Is this a guy thing? It drives me nuts, because obviously for nearly two years (the time we were living together) he built it up in his mind that he couldn't do things. And he said he assumed that from things I'd said - things that had nothing to do with the matter he was upset about.

And now he's gone off the deep end.

The hard part also, and I really have to remember that Ex-b has a very ugly side to him, is that he won't usually tell me what he thinks until he is in a rage. And he will rage, sticking fingers in my face within an inch of my nose. The last time he did that was right before I left and I finally told him not to do that. He told me he could do it if he wanted. He has also told me things I should and shouldn't be doing (like which friends to talk to) while when I asked him to not discuss me with his friend, he said she was a friend and he could do what he wanted.

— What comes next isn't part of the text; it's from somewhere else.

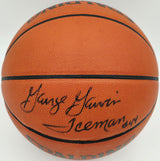 George Gervin Autographed Spalding NBA Leather Game Basketball San Antonio Spurs "Iceman #44" Beckett BAS QR #BS30435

He was a little controlling when I lived there - but generally I just blew him off and he loses the rage very quickly (usually 5 minutes or so). But it's ugly, it's condescending and when he mocks me during it, it's really horrible. This wasn't something that happened often, but it's a side of him thats come out a LOT recently and it's something I need to concentrate on. Not just the really wonderful side of him - there is a lot of that. But the bad, and it's like a whole Jekyll/Hyde thing.

Some friends of mine really pounded into me today that it was verbal abuse, and they are probably right. It wasn't often, and I will take the bad (to a point) in a relationship when there is tons of good. But he does have problems and issues and I just try to picture in my mind the times that he is ugly and mean and hurtful - and it helps me detach some.